# Smoked bass



## skysoldier501 (Jun 22, 2016)

image.jpeg



__ skysoldier501
__ Jun 22, 2016






Caught a couple decent sized bass and wanted to try smoking them. Wife loves smoked fish so let's hope she agrees


----------



## timstalltaletav (Jun 22, 2016)

Hmm...  I'm planning on doing some bass fishing this weekend.  You might have given me an idea!


----------



## chef jimmyj (Jun 23, 2016)

Really nice! Bass, big Blue Gill, Crappy and Yellow Perch are about as good as fish gets IMO. I never smoked any but in my younger days sure ate a bunch. Wife, Kids and 12 hour days in front of a Restaurant stove sure took a big bite out of my fishing time...JJ


----------



## skysoldier501 (Jun 23, 2016)

Brined in salt sugar water and a dab of Apple shine. 200 for three hours and wasn't gross.


----------



## SmokinAl (Jun 23, 2016)

They sure look good from here!

Al


----------



## crazymoon (Jun 23, 2016)

SS501, They look tasty, nice job!


----------



## dirtsailor2003 (Jun 23, 2016)

Looks great!
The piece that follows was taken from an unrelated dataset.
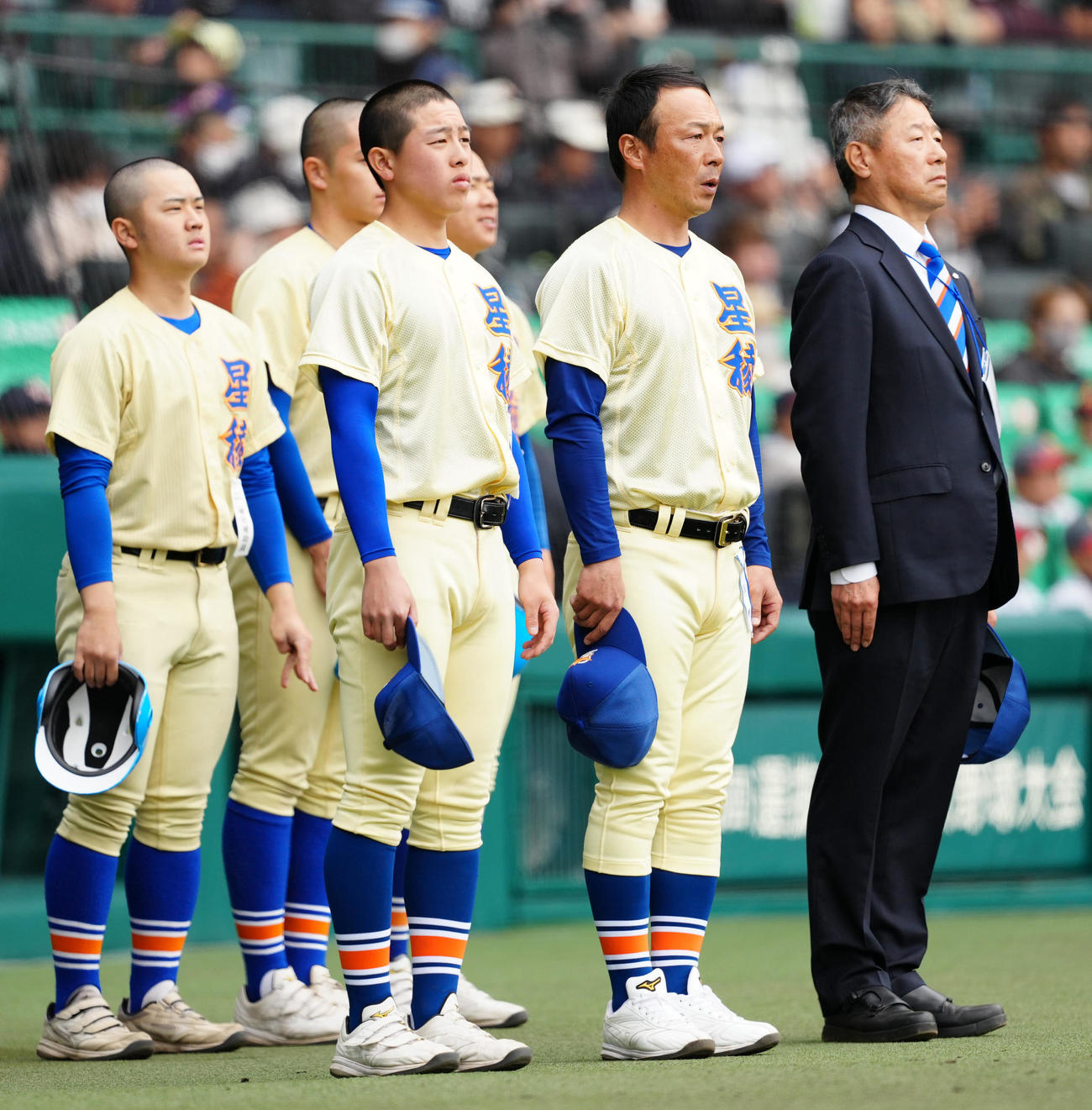 星稜対阿南光　阿南光に勝利し、校歌を歌う星稜・山下監督（前列中央）（撮影・江口和貴）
I smoke sea bass all the time. I actually like to take it a bit further and turn it into jerky. Tasty stuff.


----------



## skysoldier501 (Jun 24, 2016)

Not gonna lie they turned out damn good. 3 hrs at about 230. I'm not huge on smoked fish but wife loves it. Paired with my smoked cheese and damn hard to find better. I also cold smoke cheese


----------